THE NEW HATRED

Not Just Racism

The spectacle surrounding the passage of health reform legislation over the weekend disturbed many long-time observers of our political process.  Words like “nigger,” “faggot,” and “baby killer” were hurled at congressmen with uninhibited vehemence. (See “Tea Party Protesters Shout ‘Nigger’ and Spit on Lawmaker.”)

It’s no surprise, of course, that many harbor such sentiments, but to have them shouted out in public and on the steps of the Capital tells us that something unusual and important is going on.  Members of crowds whip each other up, to be sure, but they got undoubted support from the fact that not one Republican voted for the bill as well as from the sectarian convictions of the tea party movement.  A major split is developing in our body politic.

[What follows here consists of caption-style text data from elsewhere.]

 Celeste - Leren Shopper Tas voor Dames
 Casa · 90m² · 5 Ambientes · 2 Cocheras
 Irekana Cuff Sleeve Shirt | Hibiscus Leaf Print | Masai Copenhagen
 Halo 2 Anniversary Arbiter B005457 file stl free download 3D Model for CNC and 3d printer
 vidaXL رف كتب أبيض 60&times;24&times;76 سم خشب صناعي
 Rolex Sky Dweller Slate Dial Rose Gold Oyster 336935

It recalls the divisions and passions over the Vietnam War forty years ago.  Then, the split among us was largely generational:  younger college students, empowered by affluence and the breakdown of traditional values, versus a parental generation preoccupied with national security and frightened of the new cultural forces they did not understand.  The protests over the war gave expression to the underlying tectonic shifts in our population.

But where does the emotional force behind today’s superheated conflicts come from?  What now is lying beneath the surface of our society that can account for this upsurge of rage?

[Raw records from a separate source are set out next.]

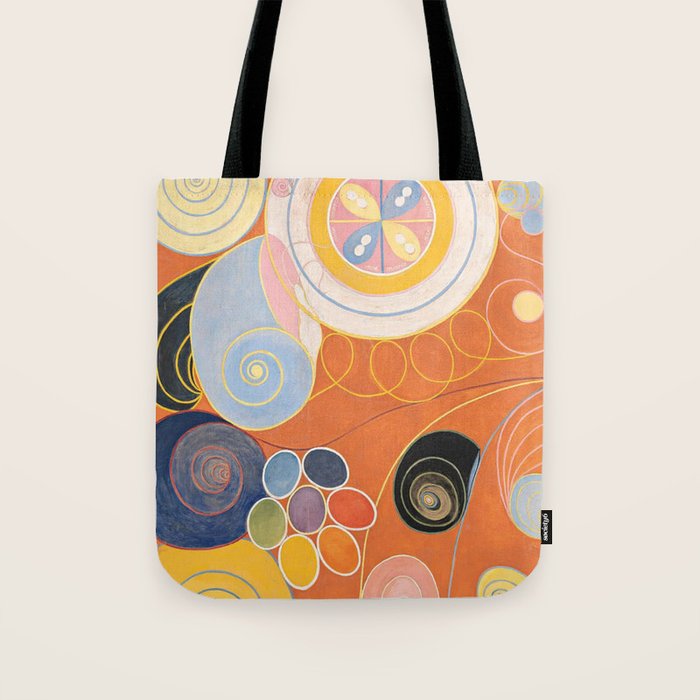 Hilma af Klint ,The Ten Largest, No. 4, Youth Tote Bag Gallery Image 1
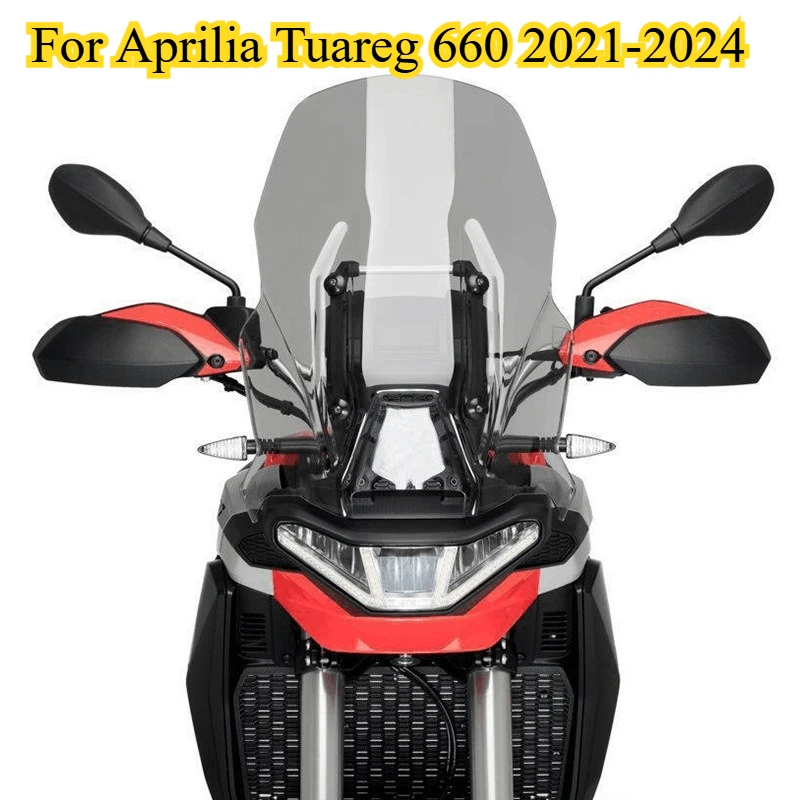 

1PC Tuareg660 Motorcycle Front Windshield Windscreen for Aprilia Tuareg 660 2021-2024 Wind Shield Screen Airflow Deflector Visor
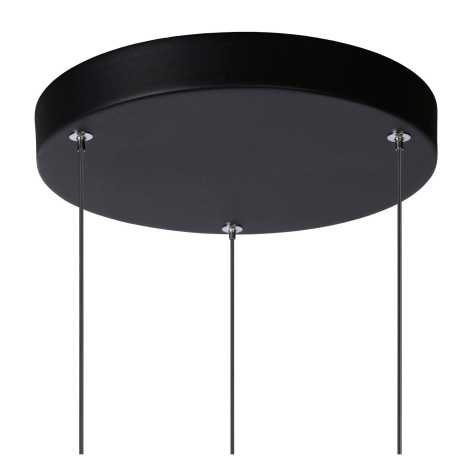 TUBULE - Suspension - Ø 26 cm - LED - 3x7W 2700K - Noir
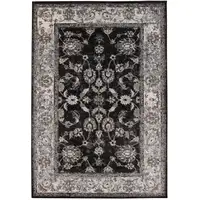 Photo of Brown and Black Oriental Power Loom Area Rug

My guess is that it is our growing economic inequality, exacerbated by the Great Recession.  For the last 20 years, it has been getting harder and harder for most middle class Americans to make ends meet, while, on the other hand, Wall Street bonuses and corporate salaries have skyrocketed.  The middle class took out mortgages, home equity loans, and ran up credit card debt to make up for their decreasing purchasing power, inflating the credit bubble that made more yet profits for the financial industry – until the whole thing collapsed.  In the meantime, our national wealth was massively redistributed in a way that has largely escaped our attention.

Big government is getting blamed, not entirely without reason, but the usual suspects are being attacked as well, for their perceived willingness to enact a liberal agenda or benefit from government programs.  Those who actually brought on our financial catastrophe are, as usual, spared.

This bears a resemblance to our politics as usual, of course, but ramped up in intensity and virulence.  The difference now is that so many more people are suffering and scared, vulnerable to the thought that the little they have left will be taken away.

What they don’t know they know is that underneath their rage lies fear.  And what they don’t know is where their rage could be more usefully directed.